The mysterious musicality, the organic intermarriage of its forms convex and concave, the high singing phrase of a straight line bordering a plane and its sudden dropping into a scarcely traceable curve, and feel deeply, sharply, the profound peace, the philosophy awakened by the even distribution of light and shade, wandering from one curved plane into a deep clarity of light, enriching a carefully carved stone plane. One will understand at once that those awakened sensation have nothing to do with anatomical considerations, exactitudes observed or not.
In every human being, there are dormant memories which suddenly rise to the surface of the conscious mind. Niobe, for instance, developed out of one of my most remote childhood recollections. A cholera epidemic had broken out in the Smolensk area, and there were many casualties. One day, on the top of a hill, I saw a giant of a peasant with arms raised toward the sky crying out his grief at having lost his children. From this image, which emerged from my subconscious mind many years later, came the statue of Niobe.
We lived in a large wooden house, with one room succeeding another [Zadkine, recalling in this quote his childhood's days in Smolensk, Russia]. The house was at the end of a blind alley. On one side were a beautiful garden and an orchard. In the summer there was an atmosphere of fragrance and peace. A large room with three windows looked out into the courtyard. Bookshelves along the walls with books and more books; a black table and six ugly Viennese chairs, also black, and in the center of the bare, inhospitable table, a sort of vase in coloured plaster representing a hand holding a goblet. It was the only piece of sculpture in the house!

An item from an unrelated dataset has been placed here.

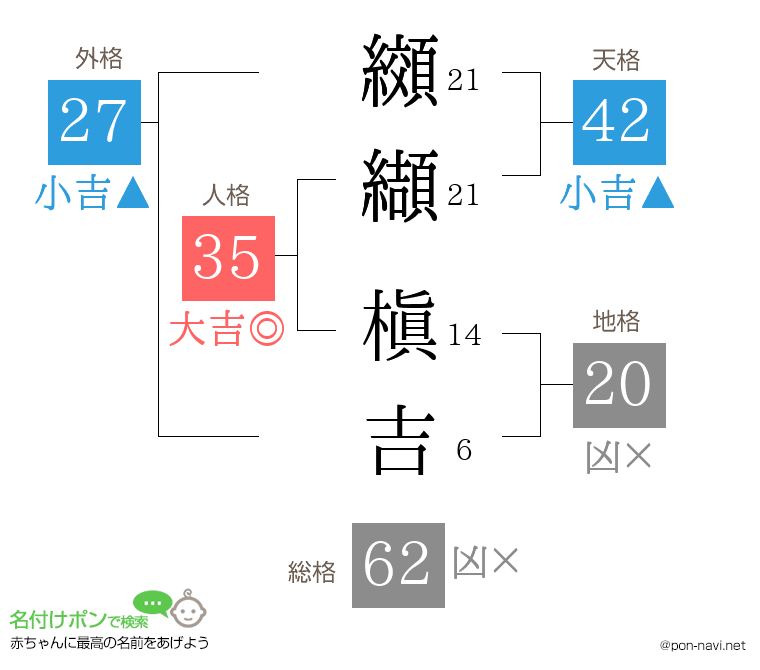 纐纈 槇吉さんの姓名判断結果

At first, I thought I had found in this second figure [a bronze Orpheus, Zadkine made shortly after his return from New York to Paris, in 1944] the perfect solution, but a surprise awaited me. One day my coal merchant delivered to me, here in my studio, some wood for heating; among these logs I found a rudimentary but completely mysterious wooden figure of a man. He seemed to be walking in great strides, his torso suggested by only two simple boards which, in their structure, were very much like an ancient lyre. I immediately began working on a new 'Orpheus', in which the [music-]instrument had truly become part of the man. [c. 1960]
The composition, harmonies and proportions of those 'intended shapes' is the great and most difficult problem which the modern sculptor attacks, for sculpture is only forms, only spaces embraced by lines which demonstrate them. The secrets of a never dying piece of sculpture is to be had only by undergoing experience.